## Your objective
Copy the records below verbatim, from the first line through the line containing "𝐺𝑙𝑖𝑚𝑚𝑒𝑟𝑙𝑦® 𝐵𝑃𝐶-157 𝐺𝑒𝑙𝑒𝑛𝑘ℎ𝑒𝑖𝑙", inclusive, and output nothing else.

## Provided material
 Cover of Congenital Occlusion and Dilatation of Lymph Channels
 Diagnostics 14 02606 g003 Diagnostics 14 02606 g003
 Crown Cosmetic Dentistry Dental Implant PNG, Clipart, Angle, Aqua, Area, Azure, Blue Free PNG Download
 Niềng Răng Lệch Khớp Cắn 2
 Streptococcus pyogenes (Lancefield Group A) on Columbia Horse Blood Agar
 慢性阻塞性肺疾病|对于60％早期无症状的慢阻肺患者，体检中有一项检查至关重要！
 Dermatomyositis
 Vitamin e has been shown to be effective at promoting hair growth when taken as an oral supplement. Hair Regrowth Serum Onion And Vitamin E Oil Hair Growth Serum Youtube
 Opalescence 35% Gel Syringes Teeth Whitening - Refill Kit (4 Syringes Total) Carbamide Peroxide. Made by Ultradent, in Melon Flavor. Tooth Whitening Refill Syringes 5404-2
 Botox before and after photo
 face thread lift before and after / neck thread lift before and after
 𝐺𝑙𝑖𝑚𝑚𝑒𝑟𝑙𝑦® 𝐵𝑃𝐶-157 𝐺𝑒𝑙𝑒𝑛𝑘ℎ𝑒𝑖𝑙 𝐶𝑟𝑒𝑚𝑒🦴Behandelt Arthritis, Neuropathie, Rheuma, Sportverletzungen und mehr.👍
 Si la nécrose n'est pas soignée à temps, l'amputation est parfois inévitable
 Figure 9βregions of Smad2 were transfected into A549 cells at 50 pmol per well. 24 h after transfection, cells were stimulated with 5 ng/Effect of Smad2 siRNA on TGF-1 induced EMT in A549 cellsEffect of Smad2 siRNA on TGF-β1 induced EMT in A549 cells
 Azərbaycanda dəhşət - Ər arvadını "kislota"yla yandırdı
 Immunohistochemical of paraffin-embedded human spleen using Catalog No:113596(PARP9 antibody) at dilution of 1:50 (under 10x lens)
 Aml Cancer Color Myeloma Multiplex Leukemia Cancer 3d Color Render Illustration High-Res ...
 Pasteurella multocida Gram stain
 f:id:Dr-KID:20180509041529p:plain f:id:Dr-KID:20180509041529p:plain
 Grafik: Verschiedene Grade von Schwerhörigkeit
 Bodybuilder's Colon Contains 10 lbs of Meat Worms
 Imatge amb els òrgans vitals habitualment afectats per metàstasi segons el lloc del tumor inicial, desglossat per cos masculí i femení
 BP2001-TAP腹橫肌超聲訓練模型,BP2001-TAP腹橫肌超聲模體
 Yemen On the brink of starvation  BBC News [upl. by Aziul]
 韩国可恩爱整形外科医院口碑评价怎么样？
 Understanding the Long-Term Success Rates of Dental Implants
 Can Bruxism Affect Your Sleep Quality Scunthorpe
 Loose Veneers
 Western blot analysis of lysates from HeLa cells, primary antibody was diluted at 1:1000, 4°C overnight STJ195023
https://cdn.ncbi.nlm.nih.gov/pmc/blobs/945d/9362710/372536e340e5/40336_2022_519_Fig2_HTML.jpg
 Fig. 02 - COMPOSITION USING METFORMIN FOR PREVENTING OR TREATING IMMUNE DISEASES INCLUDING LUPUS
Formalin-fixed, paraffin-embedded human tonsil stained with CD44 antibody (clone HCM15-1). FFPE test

## Solution for this exercise
 Cover of Congenital Occlusion and Dilatation of Lymph Channels
 Diagnostics 14 02606 g003 Diagnostics 14 02606 g003
 Crown Cosmetic Dentistry Dental Implant PNG, Clipart, Angle, Aqua, Area, Azure, Blue Free PNG Download
 Niềng Răng Lệch Khớp Cắn 2
 Streptococcus pyogenes (Lancefield Group A) on Columbia Horse Blood Agar
 慢性阻塞性肺疾病|对于60％早期无症状的慢阻肺患者，体检中有一项检查至关重要！
 Dermatomyositis
 Vitamin e has been shown to be effective at promoting hair growth when taken as an oral supplement. Hair Regrowth Serum Onion And Vitamin E Oil Hair Growth Serum Youtube
 Opalescence 35% Gel Syringes Teeth Whitening - Refill Kit (4 Syringes Total) Carbamide Peroxide. Made by Ultradent, in Melon Flavor. Tooth Whitening Refill Syringes 5404-2
 Botox before and after photo
 face thread lift before and after / neck thread lift before and after
 𝐺𝑙𝑖𝑚𝑚𝑒𝑟𝑙𝑦® 𝐵𝑃𝐶-157 𝐺𝑒𝑙𝑒𝑛𝑘ℎ𝑒𝑖𝑙 𝐶𝑟𝑒𝑚𝑒🦴Behandelt Arthritis, Neuropathie, Rheuma, Sportverletzungen und mehr.👍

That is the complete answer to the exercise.